Using FOL (First-order logic)

You probably have noticed that in such a case formalising existence with the existential quantifier is no good. This is of course due to the fact that all terms denote something. For example, for the same reason it is inappropriate to formalise "Anton searches Pegasus" naively into FOL: a valid conclusion would be "there is something that Anton searches", but this is of course not true and thus unwanted.

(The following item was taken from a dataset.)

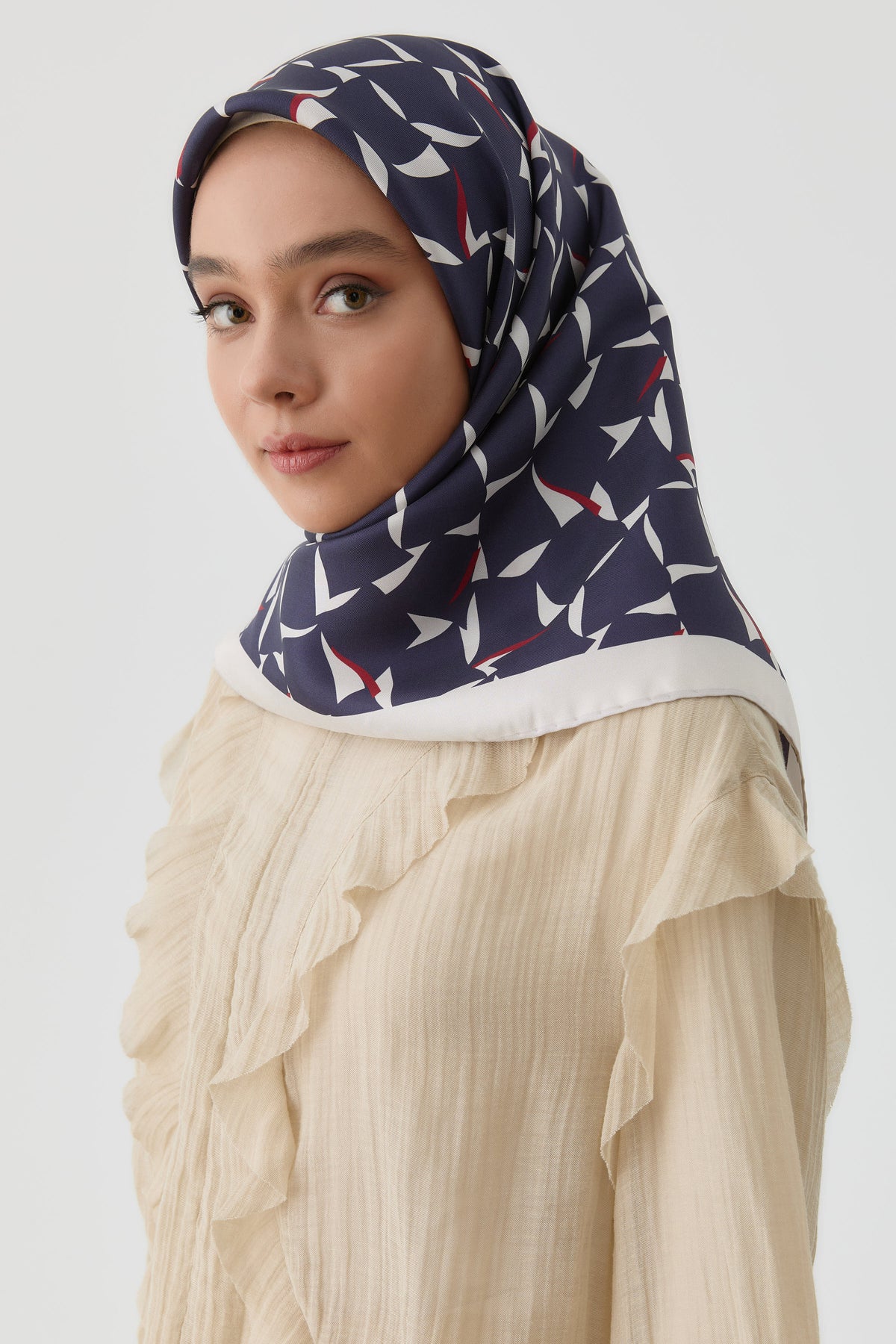Mizan Twill İpek Eşarp - Lacivert TUGBA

A common solution is to use a unary predicate E meaning "real" existence, while the existential quantifier only signifies the domain of discourse.

E(x) ... x exists.
D(x) ... x cannot possibly do something.

∀x(¬E(x) → D(x))

You will notice that I ignored the modalities. I think the intention of "something that doesn't exist cannot possibly do anything" is not so far off from "something that doesn't exist cannot possibly do anything". If you insist that it should be there,

D(x) ... x does something

∀x(¬E(x) → ¬◇D(x))  

You will buy all the trouble with quantified modal logic doing that.

Is anything of this provable? Of course not, you need to specify first how the D and E predicate behave.

An important remark

Note what that means: you are ending up imposing conditions on the existence and doing predicate, just to be able to prove what you want to prove. This does not achieve what you want (judging from this and your other questions in this forum). You are putting exactly in what you are getting out.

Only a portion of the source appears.